Мы взбирались все выше: дорога, как траншея, шла улиткою. Этих улиток было кругом множество — настоящий лабиринт. На самой макушке холма была расчищена площадь и стояла каменная башня; уцелела только нижняя половина ее, весьма невысокая; башня так окружена земляною насыпью, что ее стены должны были быть совершенно маскированы от неприятелей; это было крайнею необходимостью, потому что все целило в Малахову башню, она била сверху, куда хотела, и всем хотелось, прежде всего, разбить ее. Это, и по внешнему виду, был кульминационный пункт севастопольских укреплений.
В башне каменные стенки также идут улиткою, как и насыпи траншей. Еще ясно видны помещения пушек. В нижнем этаже — род блиндажа, где жили начальники; еще ниже — подвал для пороху. Отверстия мин, вероятно взорванных, зияют в глубине темного блиндажа. Говорят, в них не раз падали любопытные, не берущие с собою проводника.

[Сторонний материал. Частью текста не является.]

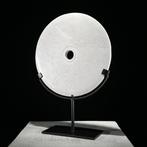 Decoratief ornament - NO RESERVE PRICE - White Marble Disc, Verzamelen, Dierenverzamelingen, Nieuw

На памятниках великих дел почиет таинственная тень истории. Как после дорого мертвеца, в комнате, где он жил, на предметах, к которым он прикасался, долго чудится его незримое присутствие, так и в этих развалинах, обагренных родною кровью, русская душа будет долго чуять смутные образы тех, кто пролил здесь свою кровь. Все это фантазия. Наш век и наши характеры слишком реальны, чтобы видеть виденья. Тут, разумеется, ничего нет, кроме взрытых масс земли, обломков железа, старых подметок, костей, обглоданных теми, кто теперь сами кости, да несколько осколков бомб, не замеченных еще туристами. Но почему же фантазия ваша работает? Почему при виде этой корявой подметки, рисуется вам целая грозная картина из давно протекших и никогда не виданных вами дней? У нас мало писали о Севастополе, еще меньше рассказывали. Но все-таки каждый из нас, живших и думавших в ту роковую эпоху, сохранил в своем сердце неизгладимый отпечаток событий, гремевших тогда здесь, в далеком уголке отечества. Даже беглые рассказы графа Толстого рисуют достаточно тот бессменный ужас, который тяжелою тучею надвинулся и лежал одиннадцать месяцев на каждой груди в окопах Севастополя, — ужас, превратившийся, наконец, в равнодушие, может быть, еще более ужасное.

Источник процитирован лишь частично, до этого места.